Abuso d'ufficio: una nuova formulazione del reato per evitare la paralisi amministrativa?
Spiega il presidente dell’Autorità che l’articolo 323 c.p. si caratterizza per una notevole instabilità normativa che ha portato dal 1990 in poi, a numerose modifiche, da ultimo l’intervento del D.L. n. 76/2020 (convertito con legge n. 120/2020), che ha ulteriormente delimitato la condotta incriminata in due modalità alternative:
- una incentrata su una specifica violazione di legge;
- l’altra sulla violazione di un obbligo di astensione.
Come autorevolmente sostenuto, tutte le proposte di legge che intervengono sul reato di abuso di ufficio muovono dalla comune considerazione che la fattispecie delineata dall’articolo 323 c.p. sarebbe caratterizzata da una formulazione indeterminata, che non pare superata dai precedenti interventi legislativi, e che finisce con il produrre un effetto paralizzante dell’azione amministrativa.
La preoccupazione del legislatore attiene, quindi, alla volontà di attenuare gli effetti di quella che è stata definita c.d. “amministrazione difensiva” vale a dire un approccio alla gestione della cosa pubblica caratterizzato dall’adozione di criteri di cautela estrema, che arriva fino alla paralisi decisionale, da parte dei pubblici funzionari.

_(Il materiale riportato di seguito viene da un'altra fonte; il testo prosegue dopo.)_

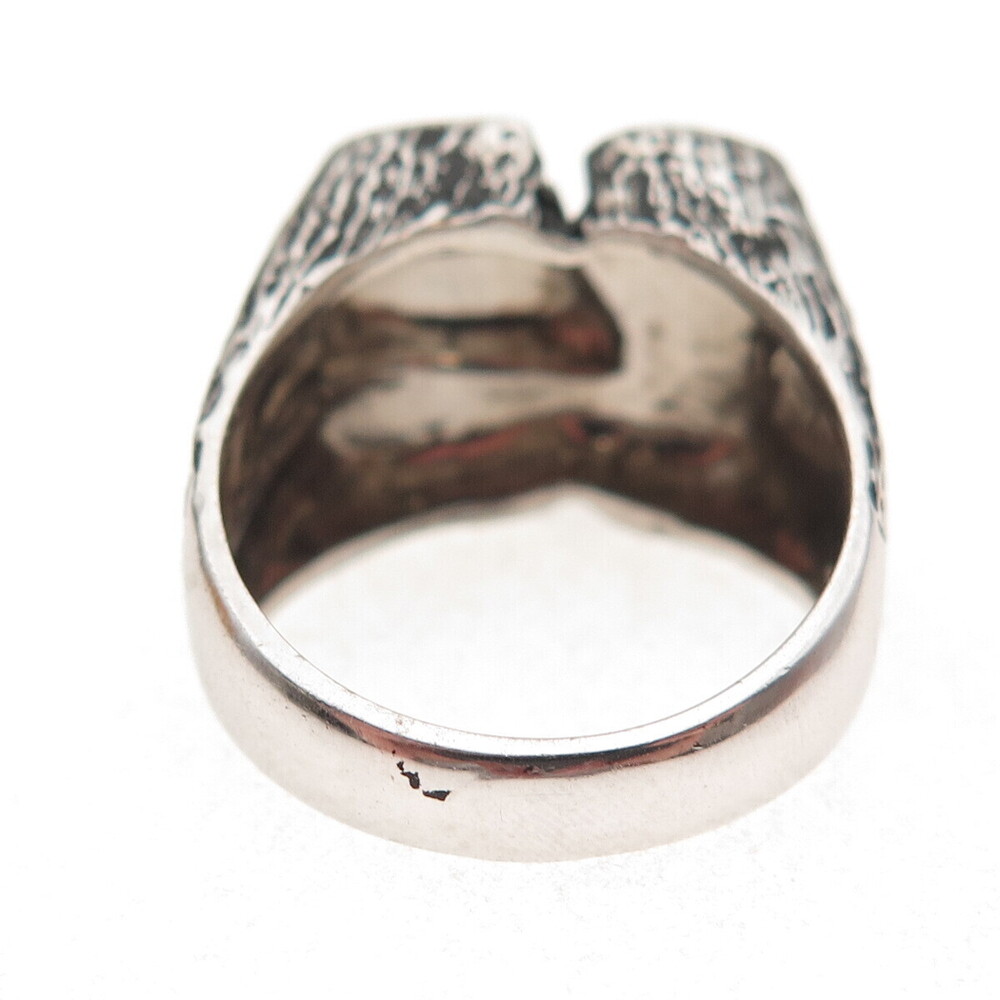 925 Sterling Silver Vintage Modernist Oxidized Ring Size 9.75 - Picture 5 of 8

Proprio per questo i disegni di legge in esame vanno tutti nel senso di o abrogare la fattispecie o di depotenziarne la portata, mediante la depenalizzazione o la riformulazione in senso restrittivo
Emerge, dunque, che le prospettive di riforma in esame intervengono con lo scopo di limitare l’effetto della c.d. "paura della firma" o della c.d. burocrazia difensiva, mettendo in secondo piano l’analisi della norma come strumento necessario per contrastare l’illegalità presente nella pubblica amministrazione, accanto alle più gravi fattispecie penali come il reato di corruzione o peculato.
L’analisi dei dati
Nel passare in rassegna i dati statistici emersi nel dibattito, l’elemento più rilevante, secondo ANAC, riguarda il numero di archiviazioni che nell’anno 2022, in linea con il precedente anno 2021, è pari a circa l’80% dei procedimenti iscritti.
Un secondo dato riguarda la riduzione del 40% circa del numero dei procedimenti iscritti, e un ultimo dato evidenzia lo scarso numero di condanne e patteggiamenti, a fronte del numero elevato di assoluzioni e di non luogo a procedere. Di questi dati è opportuno dare una lettura complessa.
Spiega Busìa che l’aumento delle archiviazioni e delle assoluzioni è certamente collegabile alla riforma dell’abuso d’ufficio attuata nel 2020, che ha limitato la sfera di applicazione della fattispecie. Il dato secondo cui, a fronte delle numerose domande di intervento, vi siano molte archiviazioni e assoluzioni consente di asserire che il filtro dell’autorità giudiziaria rassicura il funzionario che si trova nella posizione di dover agire e facendo venir meno, quindi, la paura della firma.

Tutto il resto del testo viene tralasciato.